-- Your task --
How does the data below read from its first line through the line containing "Sliding shower chair"? Print those lines exactly.

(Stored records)

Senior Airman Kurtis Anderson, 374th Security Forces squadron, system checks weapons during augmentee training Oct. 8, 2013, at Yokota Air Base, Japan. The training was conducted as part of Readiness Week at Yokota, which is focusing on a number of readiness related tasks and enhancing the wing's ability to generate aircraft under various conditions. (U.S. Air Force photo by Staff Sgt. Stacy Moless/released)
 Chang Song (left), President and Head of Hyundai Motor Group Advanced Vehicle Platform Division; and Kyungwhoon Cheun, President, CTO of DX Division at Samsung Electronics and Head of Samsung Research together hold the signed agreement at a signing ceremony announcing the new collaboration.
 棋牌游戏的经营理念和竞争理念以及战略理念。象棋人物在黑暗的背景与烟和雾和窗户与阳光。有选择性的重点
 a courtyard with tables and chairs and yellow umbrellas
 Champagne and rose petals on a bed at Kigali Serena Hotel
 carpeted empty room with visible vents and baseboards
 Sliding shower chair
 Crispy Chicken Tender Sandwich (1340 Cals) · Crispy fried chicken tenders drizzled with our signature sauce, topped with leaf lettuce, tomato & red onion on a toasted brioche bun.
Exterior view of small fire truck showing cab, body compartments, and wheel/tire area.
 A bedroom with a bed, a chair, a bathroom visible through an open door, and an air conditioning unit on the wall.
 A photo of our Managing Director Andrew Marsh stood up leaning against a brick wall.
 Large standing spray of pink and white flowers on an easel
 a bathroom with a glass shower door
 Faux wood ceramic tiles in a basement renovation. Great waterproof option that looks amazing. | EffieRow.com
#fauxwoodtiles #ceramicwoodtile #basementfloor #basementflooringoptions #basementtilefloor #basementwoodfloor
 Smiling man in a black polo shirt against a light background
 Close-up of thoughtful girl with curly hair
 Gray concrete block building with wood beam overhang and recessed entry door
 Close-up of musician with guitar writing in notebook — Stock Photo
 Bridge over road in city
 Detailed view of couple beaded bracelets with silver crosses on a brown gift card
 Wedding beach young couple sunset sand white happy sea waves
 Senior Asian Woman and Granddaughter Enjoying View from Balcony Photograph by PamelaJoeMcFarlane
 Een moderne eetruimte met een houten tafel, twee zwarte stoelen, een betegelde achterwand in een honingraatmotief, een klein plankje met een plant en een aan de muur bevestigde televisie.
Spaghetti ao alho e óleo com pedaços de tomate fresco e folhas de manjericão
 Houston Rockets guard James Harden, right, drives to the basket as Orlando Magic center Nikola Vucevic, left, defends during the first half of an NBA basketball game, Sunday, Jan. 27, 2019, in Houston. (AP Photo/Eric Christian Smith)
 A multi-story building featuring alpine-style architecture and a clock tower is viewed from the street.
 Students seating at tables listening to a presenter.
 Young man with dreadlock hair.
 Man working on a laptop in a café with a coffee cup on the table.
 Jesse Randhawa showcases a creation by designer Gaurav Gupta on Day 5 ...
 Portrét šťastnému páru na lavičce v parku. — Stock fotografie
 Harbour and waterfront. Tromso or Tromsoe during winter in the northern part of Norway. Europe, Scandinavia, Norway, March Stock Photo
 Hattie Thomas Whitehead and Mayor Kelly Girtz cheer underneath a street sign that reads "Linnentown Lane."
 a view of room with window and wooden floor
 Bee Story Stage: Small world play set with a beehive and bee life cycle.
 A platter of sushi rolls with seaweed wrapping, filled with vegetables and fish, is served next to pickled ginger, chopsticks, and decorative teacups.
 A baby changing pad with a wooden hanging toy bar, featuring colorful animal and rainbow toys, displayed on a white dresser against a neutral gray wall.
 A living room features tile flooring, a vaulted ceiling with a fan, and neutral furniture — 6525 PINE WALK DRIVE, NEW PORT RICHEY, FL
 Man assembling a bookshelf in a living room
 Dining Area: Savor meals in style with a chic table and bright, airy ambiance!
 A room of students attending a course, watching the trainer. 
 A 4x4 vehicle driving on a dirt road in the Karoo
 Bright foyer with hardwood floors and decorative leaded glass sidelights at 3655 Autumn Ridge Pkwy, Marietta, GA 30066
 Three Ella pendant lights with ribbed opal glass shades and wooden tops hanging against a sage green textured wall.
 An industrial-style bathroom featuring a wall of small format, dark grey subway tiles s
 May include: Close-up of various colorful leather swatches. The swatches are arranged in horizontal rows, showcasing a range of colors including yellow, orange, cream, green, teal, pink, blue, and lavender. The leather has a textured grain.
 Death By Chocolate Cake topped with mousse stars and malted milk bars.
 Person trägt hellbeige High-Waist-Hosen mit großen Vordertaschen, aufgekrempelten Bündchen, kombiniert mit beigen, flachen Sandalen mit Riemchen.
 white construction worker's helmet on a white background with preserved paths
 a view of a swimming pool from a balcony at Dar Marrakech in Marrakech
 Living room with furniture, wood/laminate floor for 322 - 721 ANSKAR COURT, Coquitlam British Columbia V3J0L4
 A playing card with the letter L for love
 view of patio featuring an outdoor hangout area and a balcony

-- Exercise output --
Senior Airman Kurtis Anderson, 374th Security Forces squadron, system checks weapons during augmentee training Oct. 8, 2013, at Yokota Air Base, Japan. The training was conducted as part of Readiness Week at Yokota, which is focusing on a number of readiness related tasks and enhancing the wing's ability to generate aircraft under various conditions. (U.S. Air Force photo by Staff Sgt. Stacy Moless/released)
 Chang Song (left), President and Head of Hyundai Motor Group Advanced Vehicle Platform Division; and Kyungwhoon Cheun, President, CTO of DX Division at Samsung Electronics and Head of Samsung Research together hold the signed agreement at a signing ceremony announcing the new collaboration.
 棋牌游戏的经营理念和竞争理念以及战略理念。象棋人物在黑暗的背景与烟和雾和窗户与阳光。有选择性的重点
 a courtyard with tables and chairs and yellow umbrellas
 Champagne and rose petals on a bed at Kigali Serena Hotel
 carpeted empty room with visible vents and baseboards
 Sliding shower chair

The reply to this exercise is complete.